Meadows said he hopes the Council will develop guidelines on when and how tax incentives should be used and what they should look like. Such a move would not impact those incentives already approved by Council, only those moving forward.

This election saw unprecedented involvement by the Lansing Regional Chamber of Commerce The Chamber backed Meadows and Shanna Draheim, who also won. But it lost big time with the defeat of Nathan Triplett, a two-term Councilman and the Council-appointed mayor. With his defeat and Altmann’s victory, the fivemember Council will likely swing to a more cautious approach to incentives.

Chamber President and CEO Tim Daman said his organization “hopes development is not going to be delayed,” but he said he understands that it will take the three new Councilmembers time to “understand” how city government works.

He acknowledged that the Chamber stumbled with “some assumptions” in the race, such as the strength of Triplett and higher-than-expected turnout in two neighborhoods angered about developments.

One is the Bailey neighborhood, where neighbors have been dismayed by a city decision to shut down the community center there. The other was the Flower Pot neighborhood, which lies between Trowbridge Road and Kalamazoo Street.

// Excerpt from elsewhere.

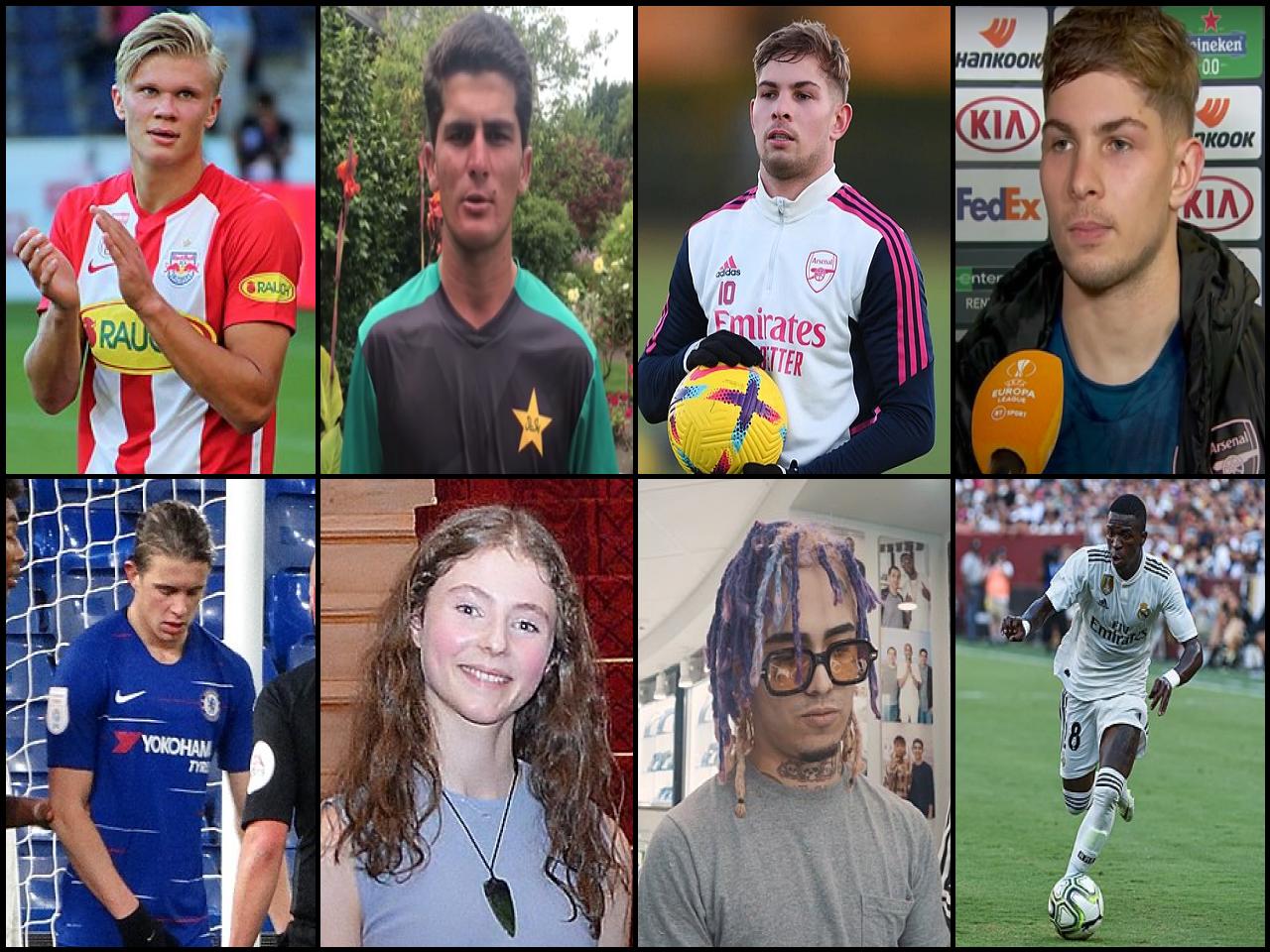 List of Famous people who born in 2000 - FMSPPL.com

To the south, Flower Pot neighbors are upset about the redevelopment of the Trowbridge Shopping Center. To the north, they are angry about a development plan on the former Michigan State Police headquarters property. That development would see residential units for students tall enough to invade the privacy of the Flower Pot homes nearby.

Daman said that on Election Day, as the only incumbent on the ballot, Triplett took the ire of the voters.

Other community frustration over development also played a role in Triplett’s defeat, Meadows said. Those concerns center on the stretch of buildings between Abbot Road and the People’s Church on Grand River Avenue. These buildings have long been an eyesore and a target for redevelopment. For nearly a decade, developer Scott Chappelle worked with city officials in an attempt to bring to life a very complicated development in that area of the city. It was known as City Center II, but in 2012, the deal between Chappelle and the city died.

“When I was knocking on doors, everyone — bar none — said that corner is a concern,” Meadows said. “They want something there that will be a priority.”

A “ trainwreck” is how Altmann, an MSU professor who served on the Planning Commission, described the corner. On the “City Pulse Newsmakers” television show last week, Altmann said the failed development has left the legal status of the property in question and that other developers “are not going to touch it” until the city clarifies its status.

“We need to do what we can to get that property into the hands of somebody who can build something there,” Altmann said. “There are steps we can take to make that easier. One of the things we need to do is collect a history of all the mortgages and all the tax liens and emails between the developer and city staff and all the stuff that has gone on there over the past 10 or 15 years and publish that as a resource on the city’s website.”

Both men concede that development in centives are important tools, but they note there are deep concerns.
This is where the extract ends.